Anton Hofer hatte Glück. Nach seinem Ausstieg wurde er nicht wie viele Abtrünnige von seiner Gemeinschaft geächtet – eine Praxis übrigens, die Papst Franziskus bereits öffentlich kritisierte. Noch heute sind seine Frau und seine Kinder im Weg. Manchmal geht er sogar mit ihnen am Samstagabend zur Eucharistie. "Die ist wirklich schön." Wahrscheinlich hofft die Gemeinschaft immer noch, dass er eines Tages in den Schoß der Gemeinde zurückkehrt.

Wie viele Aussteiger hat auch er sich damals an die Kirche gewandt. Sie sollte wissen, was vorgeht in den Zellen des Wegs. Der Vertreter seines Heimatbistums, erzählt Anton Hofer, habe auch tatsächlich Verständnis gehabt für seine Not. Getan aber hat er nichts. Was könne die Kirche auch tun gegen den Weg? Die Priesterberufungen und die Geburtenzahlen machten ihn mächtig.
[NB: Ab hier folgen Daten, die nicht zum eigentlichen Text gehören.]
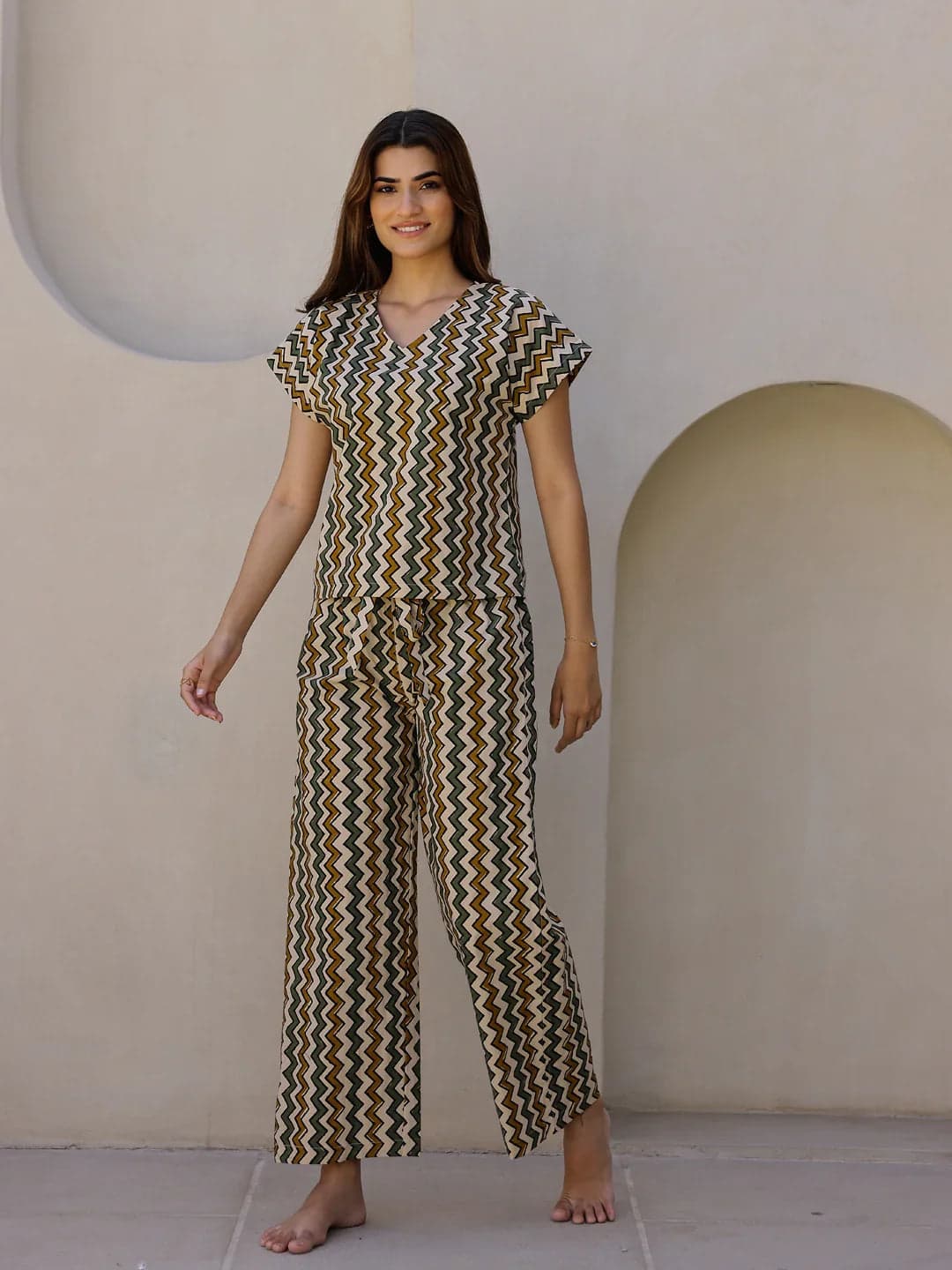 Beige Printed Loungewear Set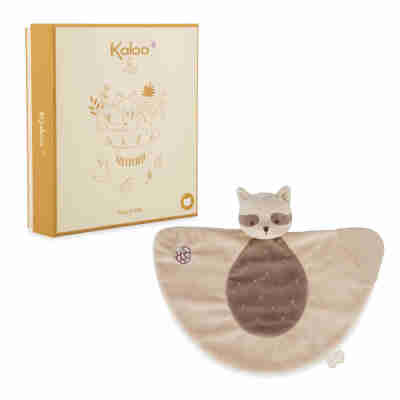 Ptit Loustic – Magasin de jeux et jouets à Saint-Étienne 6 Doudou raton laveur Kaloo Grignoti présenté avec sa boîte cadeau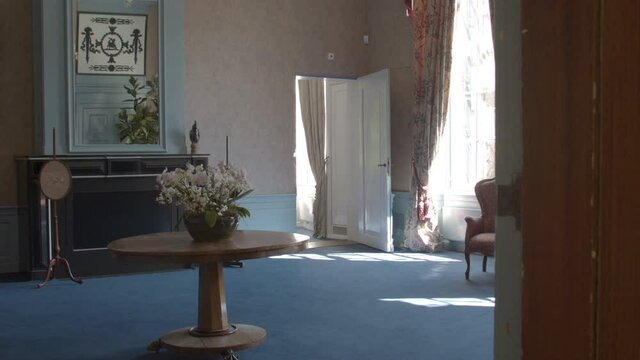 Camera moving past doorpost into beautiful castle room
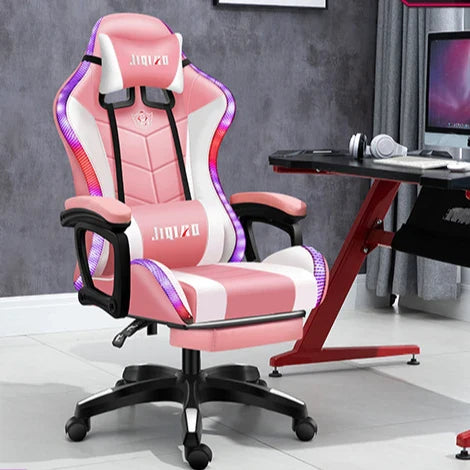 KTX-282195 Pink LED RGB Gaming Chair with Massage Function and Built-In Speakers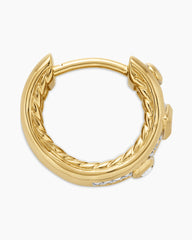 Modern Renaissance® Huggie Hoop Earrings in 18K Yellow Gold with Diamonds, 12.3mm
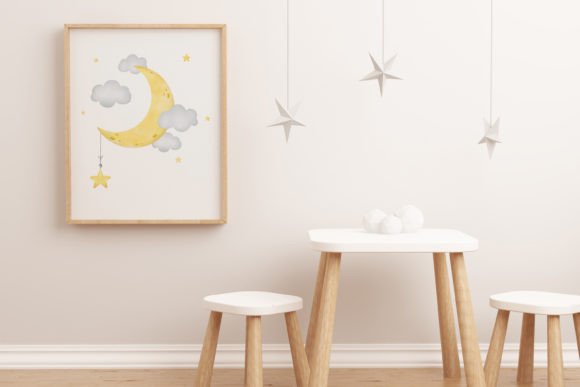 Ethereal Branding with Watercolor Moon with Clouds and Stars Illustrations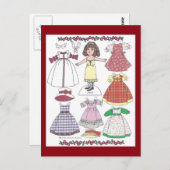 カリコガールジェニー紙ドール葉書 ポストカード (正面/裏面)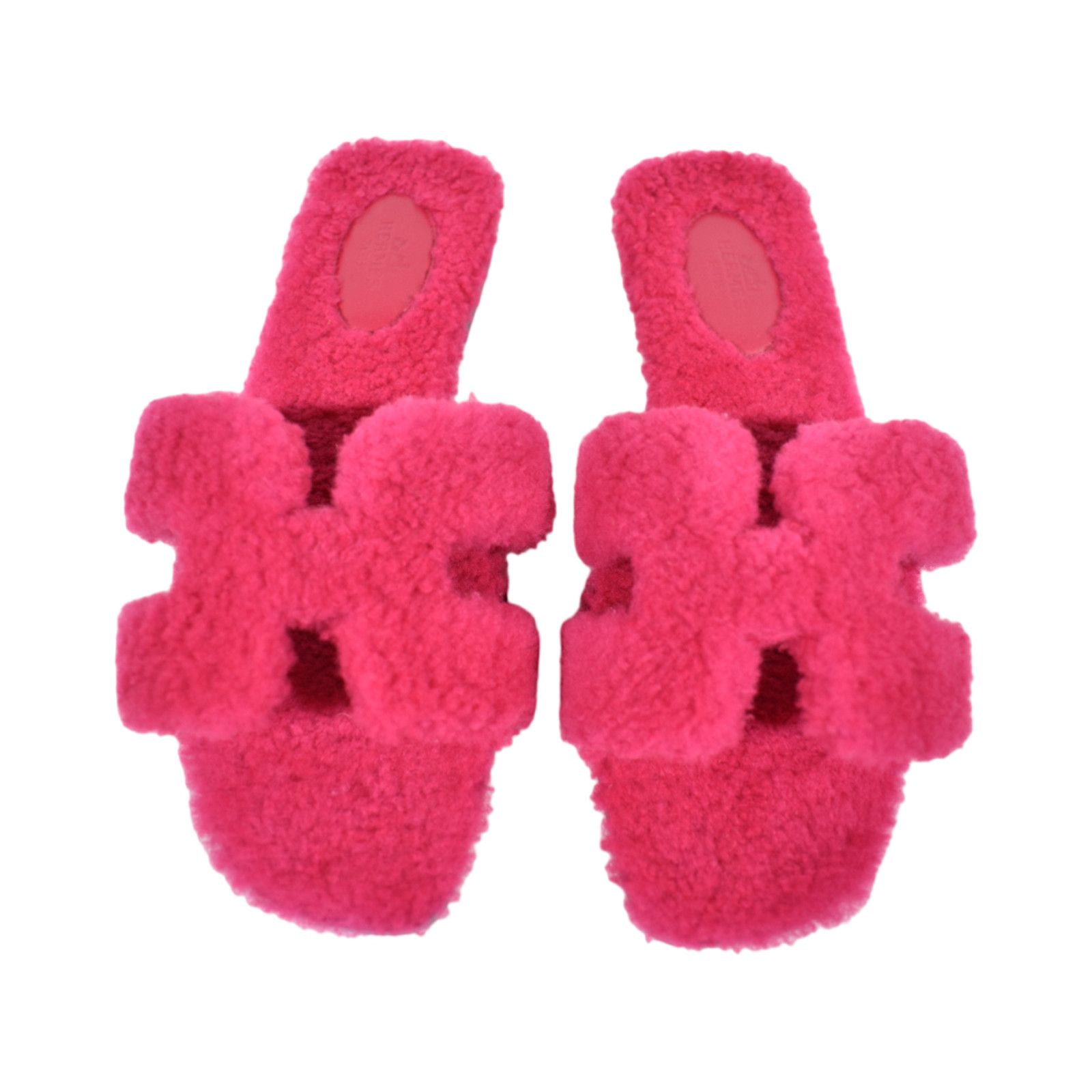 Hermes Hermes Oran Teddy Shearling Fur Pink H Logo Slide Sandal Size US 9 / IT 39 - 1 Thumbnail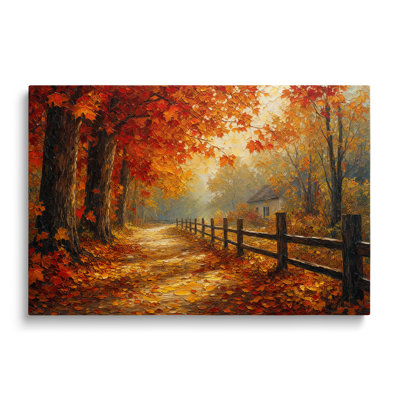 Chemin forestier d'automne rouge pictural avec clôture, impression sur toile - 50 x 75 cm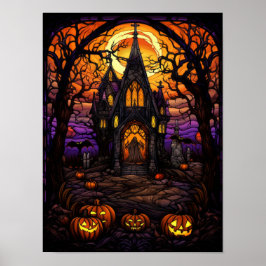 不気味なハロウィンの森の教会のステンドグラス ポスター
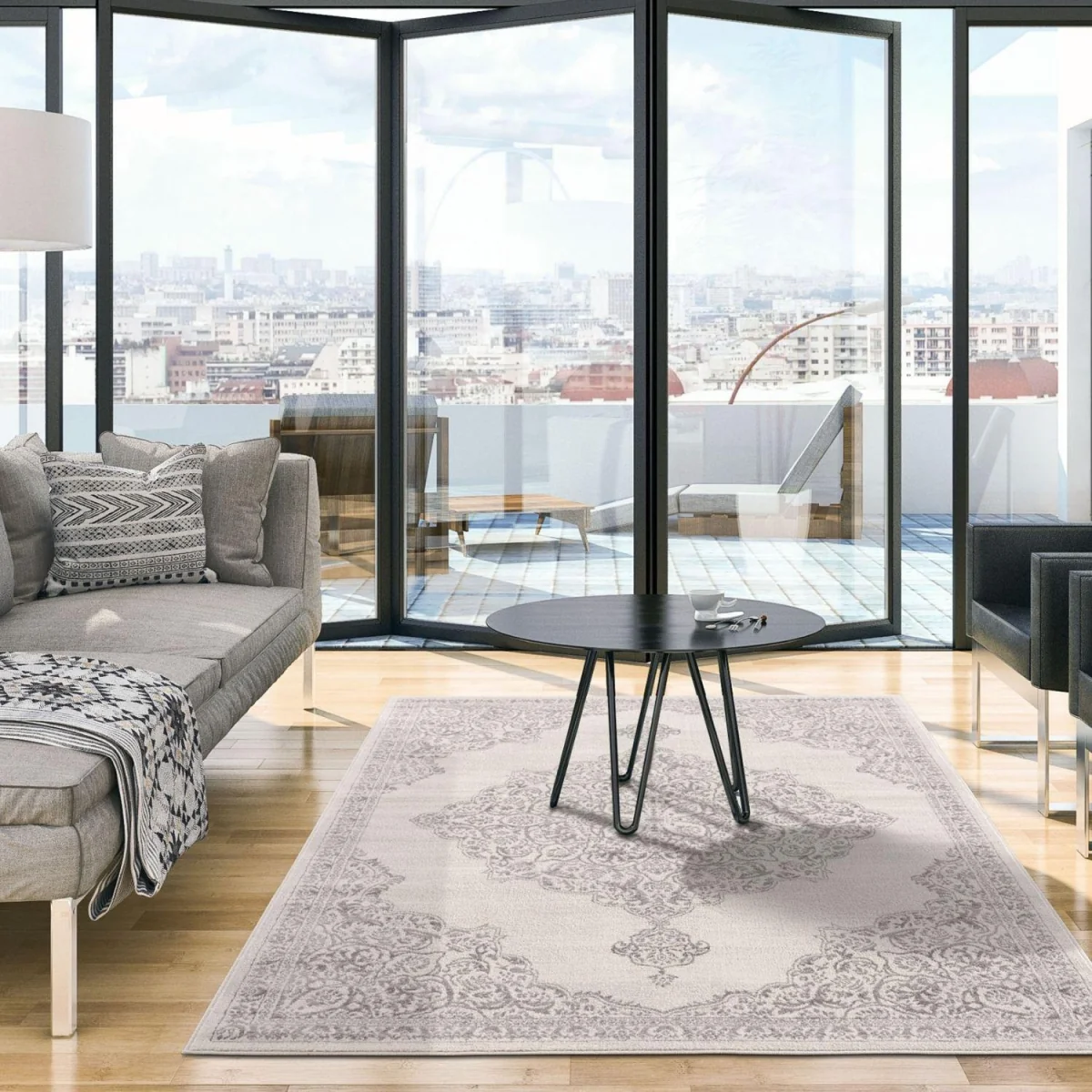 Montana Oriental Modern Rug - Grey / 240cm – image 2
Ähnlich sprach- und antriebslos blieb die Kirche auch im Falle der Herz-Jesu-Pfarre in Linz. Kurz nach seiner Visitation trat Franz Handlechner als Dechant des Bistums Linz zurück. Vorher schickte er aber noch ein Exemplar seines Berichts nach Wien, an Kardinal Schönborn persönlich.
Der Kardinal hat nie auf die Post aus Linz reagiert.